U.S. industrial production fell in January for the first time in eight months, the Federal Reserve said.

The preliminary University of Michigan consumer sentiment index for February rebounded, with the index rising to 95.5 from 91.2 in January, which was the worst since November 2016. Economists polled by MarketWatch expected a 94 reading.

U.S. business inventories fell 0.1% in November, according to a report delayed by the partial government shutdown. Sales dropped 0.3% in the month. The ratio of inventories to sales was flat at 1.35, the Commerce Department said.

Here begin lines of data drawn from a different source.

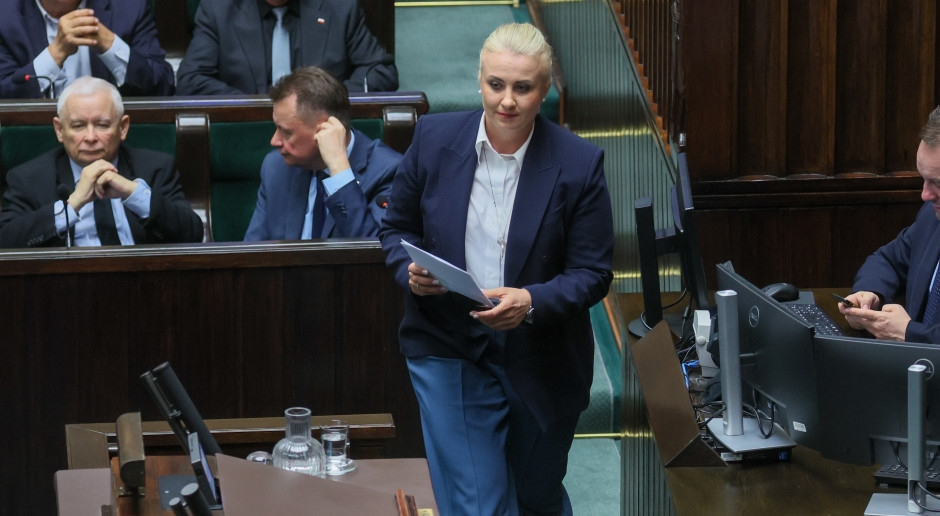 Opposition: Die Regierung strebt eine Privatisierung des Gesundheitswesens an. Die Regierung: Dies ist ein politisches Spiel der Opposition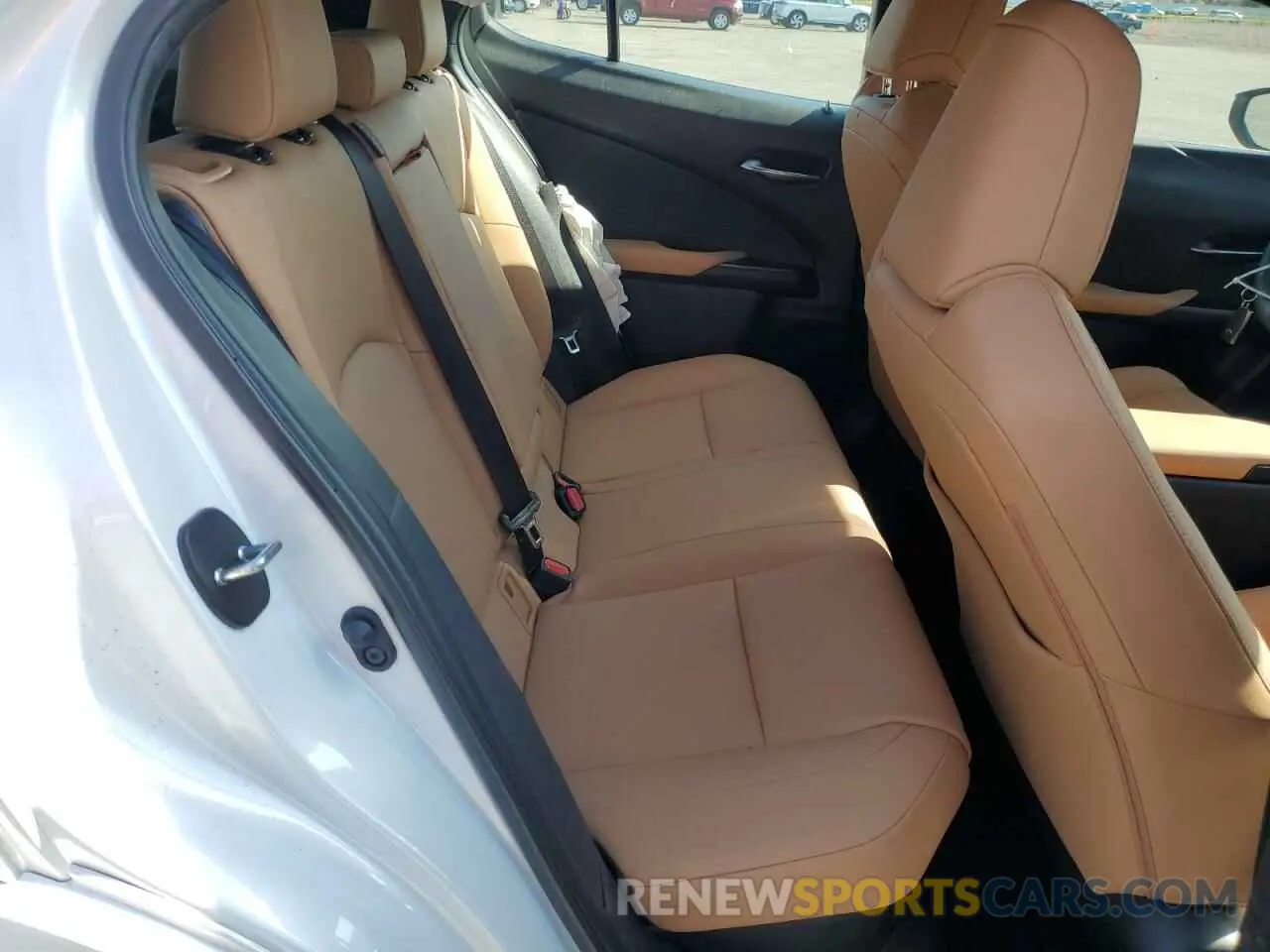 11 fotografías del automóvil dañado JTHUCJDH6S2007491 LEXUS UX 300H BA 2025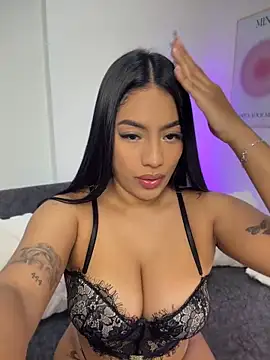 Snapshot of Sara_mocca_ chatting on 04-25-26, 04:59 Sara mocca online show from 04-25-26, 04:59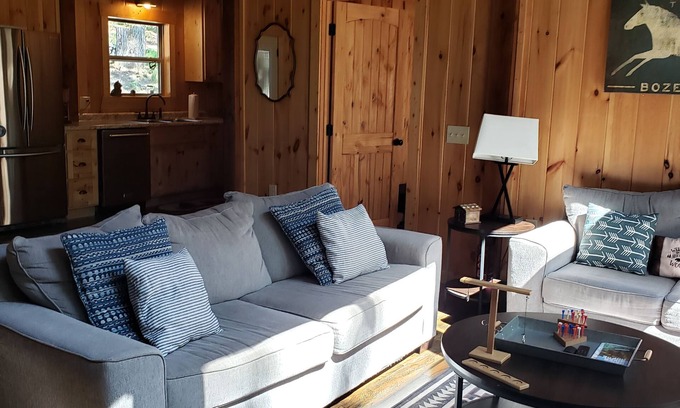 Frenchburg Cabin | Sleepy Hollow 2-bedroom cabin with Hot Tub, WiFi near Red River Gorge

What were analysts saying?

“Trade has been the biggest weight on markets of late, and so it’s good to see both sides talking up progress,” Chris Gaffney, president of world markets at TIAA Bank told MarketWatch.

He also pointed at statements made Thursday by Fed Gov. Lael Brainard, when she argued that the Fed should end its program of balance-sheet reduction ‘later this year,’ as another reason for optimism in stock markets Friday. “Changing investor views on what the ultimate balance sheet will look like is especially positive for equity markets,” he said.

”While the controversy over the Emergency Order plays out in the press and in the courtrooms, trade talks with China will continue to dominate the narrative and markets will move higher on increased optimism for an ultimate deal,” said Chris Zaccarelli, chief investment officer at Independent Advisor Alliance, in emailed comments.

What stocks were in focus?

Shares of Newell Brands Inc. NWL, -20.89% skidded 21% after the consumer-products company beat fourth-quarter earning and revenue expectations, but offered a downbeat outlook for 2019.

PepsiCo Inc. PEP, +2.95% gained 3% after the firm issued fourth-quarter earnings and revenue that were in line with expectations.

Deere & Co. DE, -2.11% shares dropped 2.1% after the agricultural-equipment manufacturer fell short of earnings estimates for its fiscal first-quarter, though it beat sales expectations.

Shares of Arista Networks Inc. ANET, +9.62% jumped 9.6% after the cloud-computing company beat fourth-quarter expectations and provided an upbeat guidance for first-quarter sales.

Nvidia Corp. NVDA, +1.82% rose 1.8% after the chipmaker issued fourth-quarter performance and 2019 outlook that was better than projected.

Shares of Mattel Inc. MAT, -18.27% tumbled 18.3%, notching its worst daily drop since Oct. 4, 1999, when shares cratered 29.6%. Friday’s decline for the toy maker came after it revealed that sales would remain flat this year.

How were other markets trading?

Asian stocks closed lower, with Hong Kong’s Hang Seng Index HSI, -1.87% tumbling nearly 2%. In Europe, stocks rallied, with the Stoxx Europe 600 SXXP, +1.41% finishing up 1.4%.

Crude-oil futures CLH9, +2.54% rallied, along with gold GCH9, +0.77% which settled higher while the U.S. dollar DXY, -0.10% eased against peers.